Sunscreen Labels to Face More Scrutiny
Under the new FDA rules, products must pass tests to claim broad-spectrum protection, and may no longer include certain words on the label.
The FDA has released new regulations designed to help Americans reduce their risk of cancer by guiding them to the most effective sunscreens and advising them about other sun-protection measures.
The regulation allows sunscreen products that pass the FDA’s test for protection against both ultraviolet A (UVA) and ultraviolet B (UVB) rays to be labeled as “Broad Spectrum.” Under the new labeling, sunscreens labeled as both Broad Spectrum and SPF 15 (or higher), if used regularly, as directed, and in combination with other sun protection measures will help prevent sunburn, reduce the risk of skin cancer, and reduce the risk of early skin aging.
"FDA has evaluated the data and developed testing and labeling requirements for sunscreen products, so that manufacturers can modernize their product information and consumers can be well-informed on which products offer the greatest benefit," said Janet Woodcock, MD, director of the FDA’s Center for Drug Evaluation and Research. "These changes to sunscreen labels are an important part of helping consumers have the information they need so they can choose the right sun protection for themselves and their families."
Products that have SPF values between 2 and 14 may be labeled as Broad Spectrum if they pass the required test, but only products that are labeled both as Broad Spectrum with SPF values of 15 or higher may state that they reduce the risk of skin cancer and early skin aging, when used as directed.
Any product that is not Broad Spectrum, or that is Broad Spectrum but has an SPF between 2 to 14, will be required to have a warning stating that the product has not been shown to help prevent skin cancer or early skin aging.
"Most skin cancers are caused by sun exposure.

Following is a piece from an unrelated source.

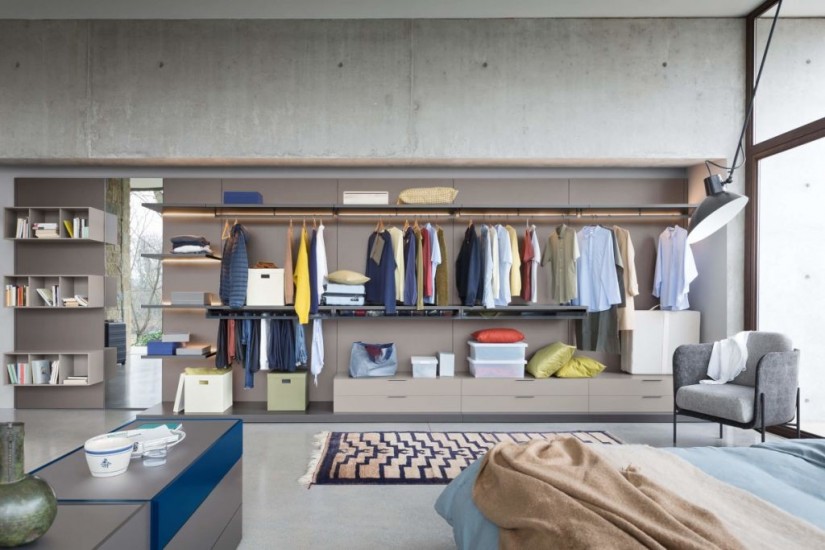 Break Walk-In Closet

FDA encourages consumers to protect themselves," Woodcock added. "Not only should consumers regularly apply and reapply sunscreens with Broad Spectrum and SPF of 15 or higher, they should also limit sun exposure."

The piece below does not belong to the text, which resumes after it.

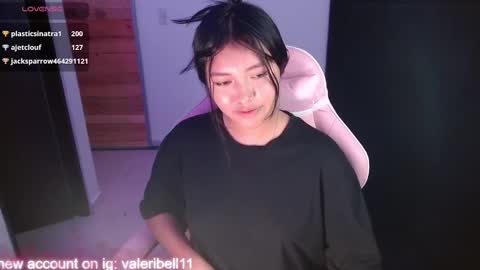 Snapshot of moonbella_bell chatting on January 25, 8:42 am bell online show from January 25, 8:42 am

Ronald L. Moy, MD, president of the American Academy of Dermatology, expressed support for the new rules. “For the first time, the FDA has clearly defined the testing required to make a broad-spectrum protection claim in a sunscreen and indicate which type of sunscreen can reduce skin cancer risk,” he said in a statement.
The new rules, according to a media report, state that:
- The FDA will prohibit sunscreen marketing claims like "waterproof" and "sweatproof," which the agency said "are exaggerations of performance."

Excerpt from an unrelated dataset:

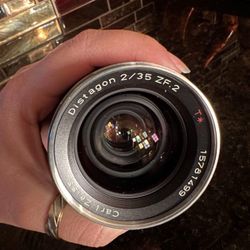 Carl Zeiss distagon 2/35 zf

- The FDA also proposes capping the highest SPF value at 50, unless companies can provide results of further testing that support a higher number.
- FDA says manufacturers must phase out a four-star system currently used by some companies to rate UVA protection.
The FDA also released a Proposed Rule that would limit the maximum SPF value on sunscreen labels to "50 +", because there is not sufficient data to show that products with SPF values higher than 50 provide greater protection for users than products with SPF values of 50. The proposal creates the opportunity for the submission of data to support including higher SPF values in the final rule. FDA looks forward to receiving public comment on this document.
To ensure that sunscreen products meet modern safety standards, FDA is also currently reexamining the safety information available for active ingredients included in sunscreens marketed today. The ingredients in sunscreens marketed today have been used for many years and FDA does not have any reason to believe these products are not safe for consumer use.
The new regulations will become effective for most manufacturers in one year. Manufacturers with annual sales less than $25,000 have two years to comply.